Authored by Adam Smiley

This blog has often reported on the rise of unpaid internship lawsuits.  (See here and here.)  These suits have been driven by an aggressive plaintiffs’ bar that smelled opportunity based on a number of convenient facts:  many employers have an internship program, formal or informal; many interns are unpaid, or if paid work enough hours so that their effective hourly rate is below minimum wage; federal and state agencies are increasing their scrutiny of suspected wage violations; and every unpaid intern is a potential client.  Add to the mix the continuing weak job market, especially for new college graduates who are willing to work for free or sub-minimum pay to get a foot in the door with potential employers, and you have the recipe for a burgeoning trend of wage-hour litigation.

Recent events may give employers some additional bad news.  The non-profit news organization Pro Publica reported last week about a new organization called Fair Pay for Interns, which recently convinced one university to revamp its online internship database to require employers to confirm that their internships comply with the U.S. Department of Labor Guidelines.

Employers seeking access to the database are warned that “questionable” internship postings may be removed.  The database also requires employers to specify the compensation arrangements for the internship.  This change was in response to employers that posted their internships as “paid,” but compensated students with academic credit rather than cash.  Now, in order to post, employers must list whether their internship is unpaid, paid with academic credit, academic credit only, or stipend.

So why should you care about the internship practices of one university?  Two reasons:

First, the “intern fair-pay” movement is likely to spread across college campuses—maybe not with the speed of Facebook circa 2004, but quickly to be sure.  We predict that within the next year, similar campaigns will result in numerous other schools implementing internship “checks” like these. 

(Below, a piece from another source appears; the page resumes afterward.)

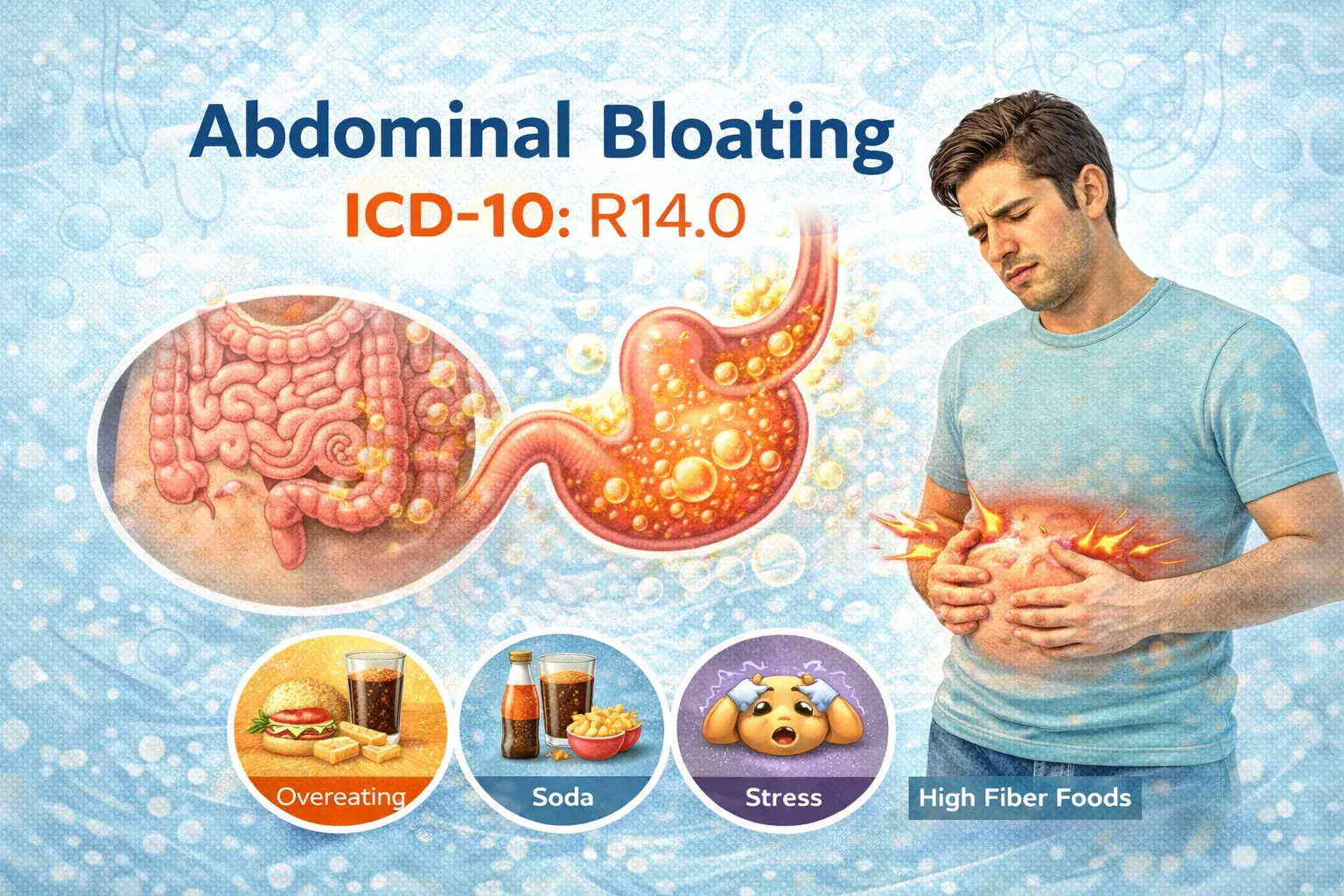 Abdominal Bloating ICD-10 Code: R14.0, R14.1 & R14.3 Guide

Second, the focus on DOL compliance puts employers in a delicate position.  If an employer fails to confirm its compliance with the DOL guidance, it may not only lose the ability to post its internship opportunities or attract the best candidates, but it may also paint a bulls-eye on its back for a lawsuit by an enterprising plaintiffs’ attorney.  Those employers that do confirm their compliance with the guidance, however, must actually deliver on that commitment, since interns whose experience is not consistent with that commitment could be more likely to sue given their increased awareness of the legal landscape. 

In fact, the New York Times recently reported on the growing cohesiveness of the intern community.  For example, websites provide forums for interns to “gather and commiserate” while numerous blogs allow interns to anonymously vent about their experiences.  The creative industry even has a biannual magazine (aptly titled, “Intern”), dedicated to “initiating a long overdue and frank debate about the current state of the intern culture and its implications in both the short and long term” and to “empower interns.”  Employers that provide internship experiences that fall short of the DOL guidelines, or fall short of expectations in general, risk identification and scrutiny through these outlets.  

The bottom line: employers should remain prepared for increased scrutiny of their internship programs, not only from lawyers, but now also from colleges and students.